How Will the TWC/Charter Merger Impact the Cable Ecosystem?

It’s official: Charter Communications has accomplished what Comcast set out to do last year, but was barred from completing: The company has acquired Time Warner Cable (TWC)—along with the smaller Brighthouse Networks—in a purchase that will exceed $71 billion.

The acquisition was a landmark announcement, as Charter Communications cemented its position as the third largest multichannel video-programming distributor (MVPD) in the U.S., trailing only AT&T and Comcast, respectively, in terms of subscribers. Charter will also become the second-largest broadband provider in the U.S.

As is to be expected, a merger of this size is causing quite a stir in the cable industry. The acquisition was initially objected to by the American Cable Association (ACA), which represents small cable operators, but ultimately it was allowed following recent approvals by the Federal Communications Commission and the U.S. Department of Justice; the latter declared that the acquisition did not violate any antitrust laws.

Now, everyone wants to know how the mega-deal will impact the cable industry as a whole.

Here’s some good news: Charter CEO Tom Rutledge recently sent a reassuring message for smaller competitors, when he announced that Charter has no plans to overbuild cable operators. Instead, Charter will focus its overbuild efforts on telecommunications providers.

“When I talked to the FCC, I said I can’t overbuild another cable company, because then I could never buy it, because you always block those,” Rutledge stated at a recent event. “It’s really about overbuilding telephone companies.”

One of the conditions imposed by the FCC calls for Charter to overbuild 2 million homes located outside its footprint, over a five-year period. At least 1 million passings will be against competing Internet service providers. What’s more, Charter can legally obtain up to a quarter of a million cable customers in areas that are not interconnected.

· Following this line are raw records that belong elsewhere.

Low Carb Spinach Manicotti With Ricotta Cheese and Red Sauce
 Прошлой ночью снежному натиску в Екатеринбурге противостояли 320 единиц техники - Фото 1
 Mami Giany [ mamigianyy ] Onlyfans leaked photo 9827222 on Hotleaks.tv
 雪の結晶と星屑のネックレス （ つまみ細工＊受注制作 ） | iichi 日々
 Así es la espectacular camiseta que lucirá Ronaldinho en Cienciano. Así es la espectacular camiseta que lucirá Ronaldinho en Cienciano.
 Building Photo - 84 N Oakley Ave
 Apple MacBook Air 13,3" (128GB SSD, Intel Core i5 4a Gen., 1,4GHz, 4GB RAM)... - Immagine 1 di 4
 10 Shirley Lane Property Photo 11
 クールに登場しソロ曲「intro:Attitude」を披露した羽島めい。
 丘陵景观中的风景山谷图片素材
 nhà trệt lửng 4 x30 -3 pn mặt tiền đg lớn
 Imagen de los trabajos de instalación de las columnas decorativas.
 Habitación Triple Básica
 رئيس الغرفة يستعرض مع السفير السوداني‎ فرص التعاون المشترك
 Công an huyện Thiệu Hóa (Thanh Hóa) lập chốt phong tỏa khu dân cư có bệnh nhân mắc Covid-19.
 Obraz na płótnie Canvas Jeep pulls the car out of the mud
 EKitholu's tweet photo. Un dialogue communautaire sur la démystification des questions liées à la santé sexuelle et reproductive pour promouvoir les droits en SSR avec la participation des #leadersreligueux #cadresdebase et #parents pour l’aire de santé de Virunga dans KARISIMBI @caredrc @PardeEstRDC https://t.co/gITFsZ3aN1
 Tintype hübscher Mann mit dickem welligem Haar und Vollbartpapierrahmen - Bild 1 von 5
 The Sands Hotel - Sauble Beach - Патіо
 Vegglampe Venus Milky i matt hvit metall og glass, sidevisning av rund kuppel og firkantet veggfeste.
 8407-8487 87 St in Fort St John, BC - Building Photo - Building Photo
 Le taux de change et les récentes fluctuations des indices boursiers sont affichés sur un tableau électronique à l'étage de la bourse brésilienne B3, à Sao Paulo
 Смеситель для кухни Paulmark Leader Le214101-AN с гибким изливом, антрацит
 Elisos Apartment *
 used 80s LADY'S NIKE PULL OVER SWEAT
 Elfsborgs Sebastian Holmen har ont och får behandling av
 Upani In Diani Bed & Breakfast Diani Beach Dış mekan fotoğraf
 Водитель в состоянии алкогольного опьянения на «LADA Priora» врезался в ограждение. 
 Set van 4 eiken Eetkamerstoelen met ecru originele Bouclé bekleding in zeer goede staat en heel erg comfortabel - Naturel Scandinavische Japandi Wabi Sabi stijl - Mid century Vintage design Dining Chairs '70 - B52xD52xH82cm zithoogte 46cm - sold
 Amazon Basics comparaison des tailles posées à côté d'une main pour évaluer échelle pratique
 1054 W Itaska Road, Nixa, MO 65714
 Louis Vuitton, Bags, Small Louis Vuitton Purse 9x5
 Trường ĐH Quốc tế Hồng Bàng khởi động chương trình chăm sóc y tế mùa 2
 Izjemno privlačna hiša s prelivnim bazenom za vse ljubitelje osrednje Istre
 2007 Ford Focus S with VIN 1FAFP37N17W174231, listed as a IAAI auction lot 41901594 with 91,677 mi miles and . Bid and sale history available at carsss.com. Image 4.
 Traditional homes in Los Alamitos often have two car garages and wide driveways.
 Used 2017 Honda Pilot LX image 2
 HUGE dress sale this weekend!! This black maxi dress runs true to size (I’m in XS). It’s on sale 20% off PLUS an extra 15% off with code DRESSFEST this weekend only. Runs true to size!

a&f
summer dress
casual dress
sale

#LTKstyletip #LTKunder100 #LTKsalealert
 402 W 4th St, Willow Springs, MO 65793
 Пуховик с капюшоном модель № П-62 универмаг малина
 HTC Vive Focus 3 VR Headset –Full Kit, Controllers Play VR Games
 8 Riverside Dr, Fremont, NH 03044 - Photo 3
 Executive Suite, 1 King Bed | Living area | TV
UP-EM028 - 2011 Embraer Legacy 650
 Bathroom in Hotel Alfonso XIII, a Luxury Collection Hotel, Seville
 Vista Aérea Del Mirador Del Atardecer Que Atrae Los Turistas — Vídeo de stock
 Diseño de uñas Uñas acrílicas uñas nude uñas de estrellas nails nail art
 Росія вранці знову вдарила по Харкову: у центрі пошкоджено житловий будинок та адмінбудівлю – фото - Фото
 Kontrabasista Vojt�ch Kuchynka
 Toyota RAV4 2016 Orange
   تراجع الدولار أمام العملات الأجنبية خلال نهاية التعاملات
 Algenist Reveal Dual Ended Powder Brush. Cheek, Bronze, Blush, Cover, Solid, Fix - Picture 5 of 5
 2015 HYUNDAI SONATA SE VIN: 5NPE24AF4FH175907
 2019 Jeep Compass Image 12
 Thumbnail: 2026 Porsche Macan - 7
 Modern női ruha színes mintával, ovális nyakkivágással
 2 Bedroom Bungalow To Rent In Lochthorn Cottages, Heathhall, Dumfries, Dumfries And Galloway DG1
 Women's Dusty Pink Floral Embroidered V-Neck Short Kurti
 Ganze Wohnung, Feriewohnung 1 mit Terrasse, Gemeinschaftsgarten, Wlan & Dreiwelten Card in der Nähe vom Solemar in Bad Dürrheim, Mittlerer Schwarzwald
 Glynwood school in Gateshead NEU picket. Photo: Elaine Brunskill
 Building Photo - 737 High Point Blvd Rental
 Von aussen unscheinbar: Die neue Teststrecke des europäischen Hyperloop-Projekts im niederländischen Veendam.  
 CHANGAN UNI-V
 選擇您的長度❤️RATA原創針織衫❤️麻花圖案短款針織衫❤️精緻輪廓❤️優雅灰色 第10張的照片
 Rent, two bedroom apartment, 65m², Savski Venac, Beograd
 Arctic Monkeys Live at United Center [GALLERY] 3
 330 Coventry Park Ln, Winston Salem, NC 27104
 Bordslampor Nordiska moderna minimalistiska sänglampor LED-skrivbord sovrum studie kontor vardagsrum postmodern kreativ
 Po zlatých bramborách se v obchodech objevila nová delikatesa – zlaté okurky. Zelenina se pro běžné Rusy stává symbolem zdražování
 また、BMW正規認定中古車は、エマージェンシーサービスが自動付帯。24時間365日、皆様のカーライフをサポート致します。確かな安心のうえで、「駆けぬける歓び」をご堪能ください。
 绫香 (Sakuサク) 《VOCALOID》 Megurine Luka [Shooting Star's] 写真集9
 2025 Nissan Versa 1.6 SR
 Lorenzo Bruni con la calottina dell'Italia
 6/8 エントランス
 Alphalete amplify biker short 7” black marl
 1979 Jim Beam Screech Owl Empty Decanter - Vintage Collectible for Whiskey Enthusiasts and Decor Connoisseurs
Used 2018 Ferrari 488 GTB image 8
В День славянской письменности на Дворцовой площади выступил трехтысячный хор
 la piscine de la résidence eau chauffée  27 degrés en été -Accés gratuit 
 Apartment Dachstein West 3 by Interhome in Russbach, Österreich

Also, of note is the fact that Charter will be barred from implementing data caps on Internet customers for at least seven years. Charter customers can therefore continue streaming large amounts of video without having to worry about paying additional monthly fees. This could prove to be significant, as many other providers will be moving towards residential data caps over the next few years. This could prove to be a tremendous boost to Charter, if data caps continue to be rolled out.

In light of these conditions, you as a small operator can rest assured that Charter’s announcement shouldn’t have much of an impact on your bottom line, at least in the short term.

Moving forward, though, it will be important to note how Charter’s newly acquired customers will respond to the acquisition, which will ultimately impact 25 million customers across 41 different states. Will they stay on board with Charter, or will the acquisition edge them closer to cutting their cords? Only time will tell, as it’s too early in the process to gauge consumer feedback.